While it's obvious that pepper's effect on the author is neither as profound nor as evocative as that of salt, Jordan still presents an informative tale of her visit to Kuching, the capital of the Malaysian state of Sarawak, on the island of Borneo and in the heart of pepper farm country. Along with the author, we learn about pepper farming from the vine to the commodities market. Based on her sensuous prose, we vicariously share Jordan's enjoyment of the nightly gift of pepper candy on her Malaysian hotel room pillow and imagine the black pepper-scented aromatherapy potion said to stimulate her senses while she finished writing the book. Returning from the wilds of Borneo, Jordan provides us with a quick recap of world history with the King of Spices as a motivating force. The search for pepper launched thousands of ships and paved many roads. In ancient days, pepper was so dear as to be demanded in tribute by governments and conquerors, while in the medieval world, a cache of peppercorns was a worthwhile dowry or a wealthy inheritance. Today, pepper is a traded commodity, something we tend to take for granted. What flavor would prompt us to search the outer reaches of the galaxy now?

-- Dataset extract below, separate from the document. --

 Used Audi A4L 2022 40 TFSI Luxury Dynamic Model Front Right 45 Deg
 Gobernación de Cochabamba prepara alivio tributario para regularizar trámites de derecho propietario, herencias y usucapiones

The second half of Salt & Pepper is devoted to 135 well-seasoned recipes showcasing the culinary stars. Try the Shrimp Roasted on Rock Salt (p.63), where the salt serves as a medium to conduct heat efficiently rather than an overt flavor, or the classic Roman dish Spaghetti Carbonara (p.85), deliciously flecked with cracked black peppercorns and dusted with Parmigiano-Reggiano and Pecorino cheeses. I was equally impressed by two rice dishes, Risotto with Zucchini, Green Peppercorns and Basil (p.92) and the Cajun Dirty Rice (p.93) with a very credible homemade Louisiana-style seasoning blend. Don't be put off by the recipes which feature fruit with pepper; it's a dramatic complement to strawberries and citrus fruits and the Black Pepper Dressing (p. 171) is the perfect dressing for an elegant chicken salad with avocado and grapefruit on peppery greens (p. 156). I'm looking forward to the first fresh corn of the summer to try Grilled Corn With Pepper Butter (p. 137).

With its lively blend of well-researched history, useful information, and delicious recipes, Michele Anna Jordan's Salt & Pepper should make a versatile addition to any serious cook's library. It might inspire you to seek out several different salts for a comparison tasting or to choose a new salt as your signature seasoning. After studying the book seriously, I'm determined to find a source for Diamond Crystal Salt, one of the author's favorites as well as the chosen brand of many chefs, just to see why they are so sold on it. However, the best aspect of the book by far is Jordan's distinctive voice, infectiously drawing the reader into her sensuous enjoyment of the spices of life.